Farmers like Santos know their needs best. They set breeding goals based on their local environments, conditions, tastes and cultures—and then can judge a variety’s success in their own fields against these real-life criteria.

Breeding for climate resilience

With the region’s worsening droughts in mind, Santos helped breed Pueblo Nuevo SL with the ability to withstand prolonged dry periods. It means farmers are more likely to be able to bring corn to harvest, provide food for their families, and make a living.

The photos above show the difference this can make. These two farms are just 200 metres apart and both had not seen rain for weeks. The farm on the left is growing a local corn variety that is struggling with the drought. The farm on the right is growing Pueblo Nuevo SL, which Santos and others bred to endure the intense new climate conditions—and it is working.

“[Santos] is the best example of how the application of ancestral science accompanied by modern science can generate changes to improve the agricultural production of a region or the country,” wrote Blanca Castro, who works with our local partner, Federation of Cooperatives for Development (Federación de Cooperativas para el Desarrollo, FECODESA). 

“His passion for participatory plant breeding has brought him great recognition from scientists, technicians, farmers and different personalities in the country and abroad.”
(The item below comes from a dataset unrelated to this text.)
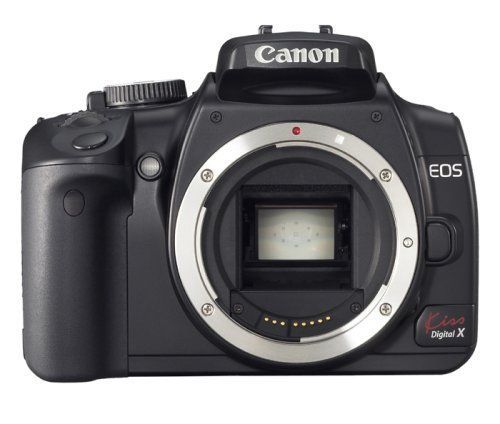 Canon デジタル一眼レフカメラ EOS Kiss デジタル X ボディ本体 ブラック KISSDXB-BODY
SeedChange now works with FECODESA to support farmers growing Pueblo Nuevo SL seeds, and other locally-adapted varieties, that will then be disseminated to other family farmers across the region. 

Around the world, SeedChange supports hundreds of plant breeding farmers. In Canada, our program, The Bauta Family Initiative on Canadian Seed Security, supports farmers as early-generation plant breeders, selecting for varieties that are adapted to their regional climate and farm needs. The program, focused on wheat, oat, potatoes, and corn, is implemented in partnership with the University of Manitoba, and is the only of its kind in Canada.
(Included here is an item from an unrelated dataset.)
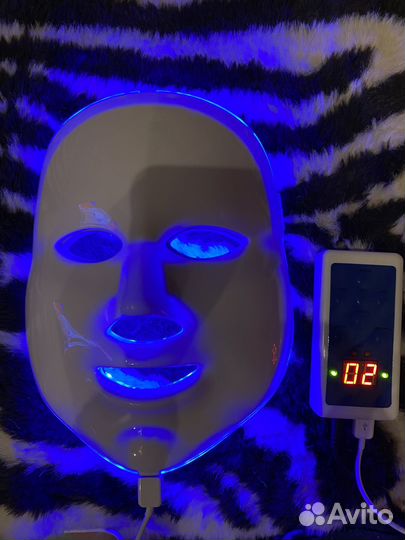 Маска светодиодная для омоложения новая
Why is participatory plant breeding important?

Most commercial seeds are developed with a narrow set of farming conditions in mind. They’re produced to work in uniform farming systems, often monocultures, that require synthetic pesticides and fertilizers.

But complex farming systems, like Santos’s, need more than one-size-fits-all solutions. This model of plant breeding is a process through which farmers can meet their own needs.